* **Dataset excerpt**:
>>

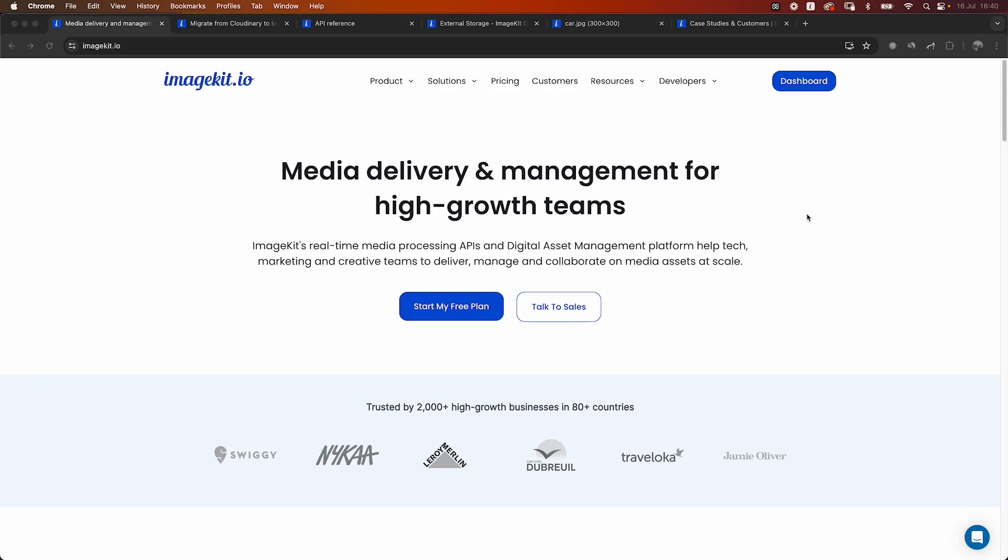Hi, welcome to ImageKit. In this video, we'll take a quick look at how you can start using ImageKit if you're looking to migrate from Cloudinary.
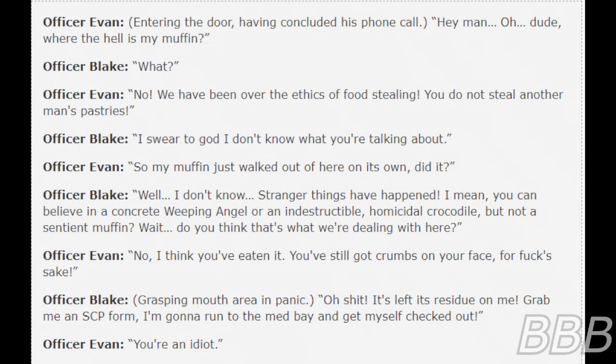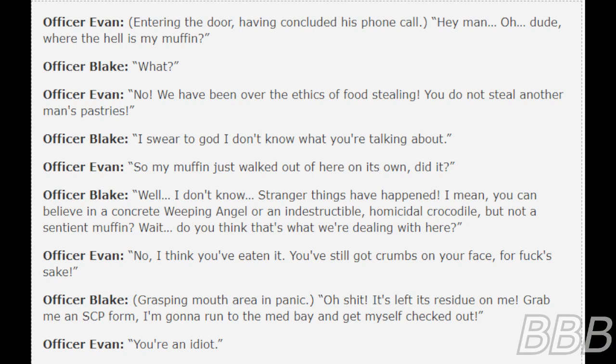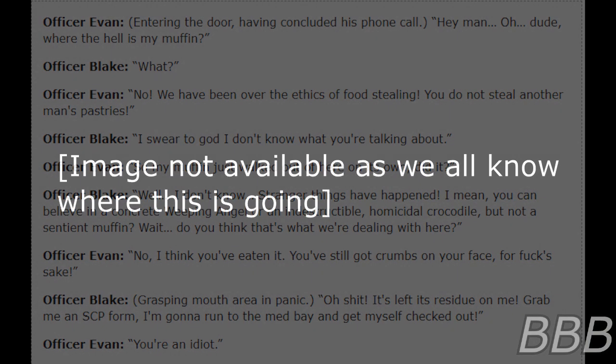Officer Blake: "Oh shit, its residue's on me. Grab me an SCP form. I'm gonna run to the med bay and get myself checked out." Officer Evans: "You're an idiot."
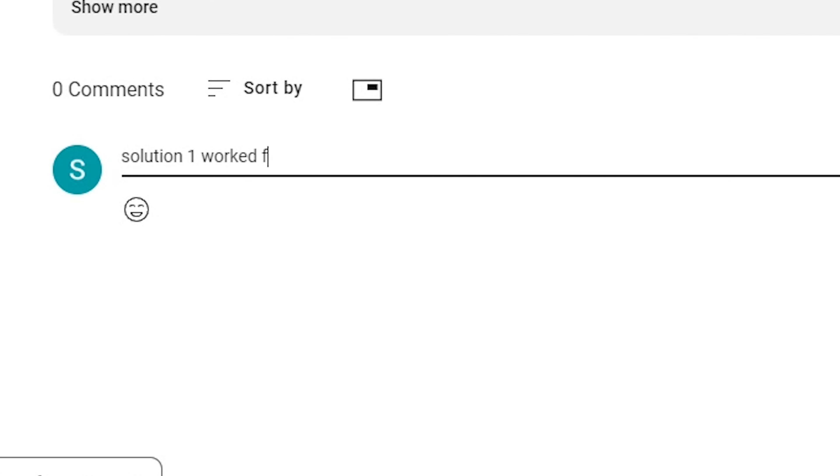Comment one, two, or three if any of these solutions helped and leave a like. Thank you for watching. I hope your project goes well.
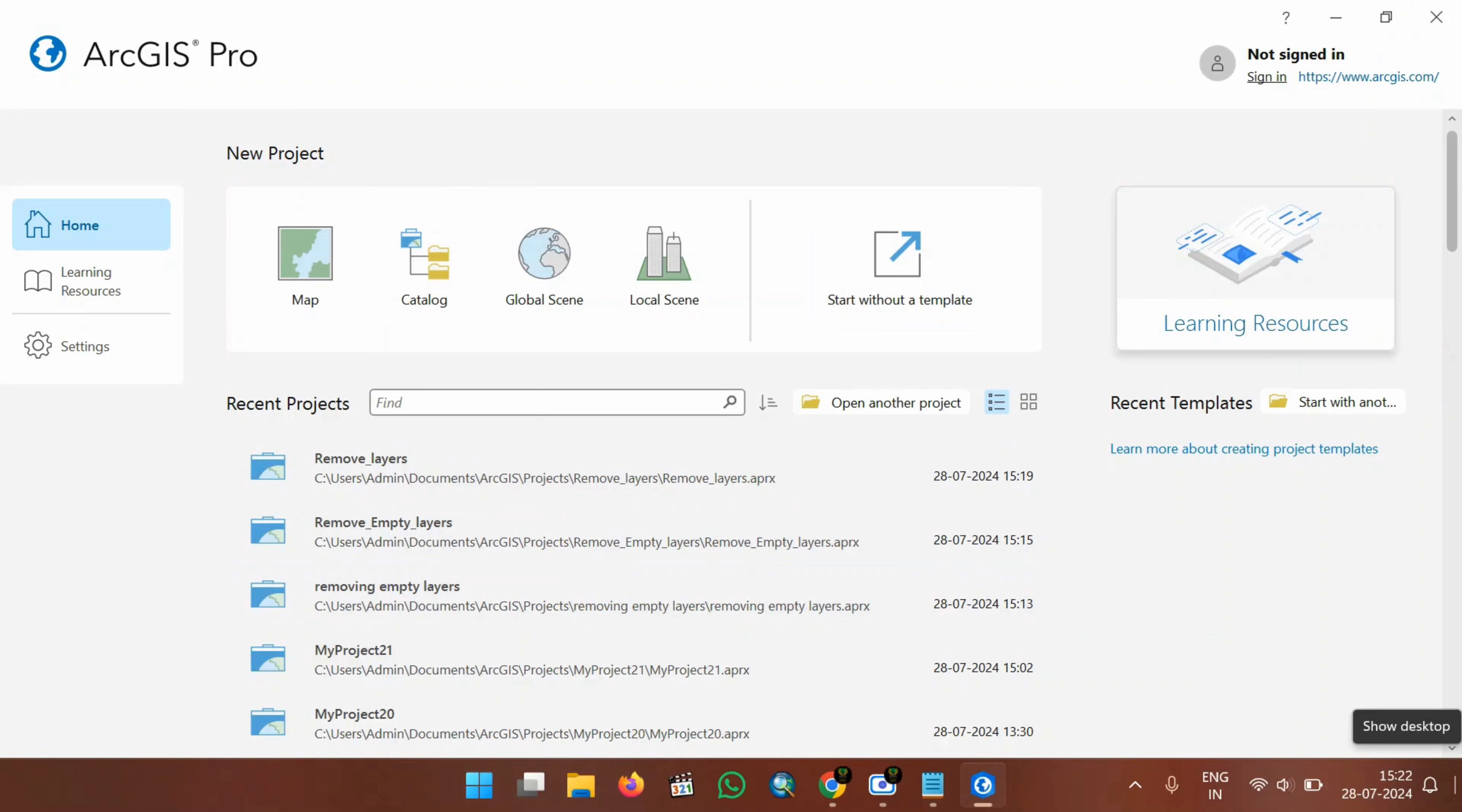Hello everyone, welcome back to another tutorial. In this video, we will see how to automatically remove the empty layers in ArcGIS Pro using Python.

<<

Every line of the data should be transcribed exactly. Omit the images.

Hi, welcome to ImageKit. In this video, we'll take a quick look at how you can start using ImageKit if you're looking to migrate from Cloudinary.
Officer Blake: "Oh shit, its residue's on me. Grab me an SCP form. I'm gonna run to the med bay and get myself checked out." Officer Evans: "You're an idiot."
Comment one, two, or three if any of these solutions helped and leave a like. Thank you for watching. I hope your project goes well.
Hello everyone, welcome back to another tutorial. In this video, we will see how to automatically remove the empty layers in ArcGIS Pro using Python.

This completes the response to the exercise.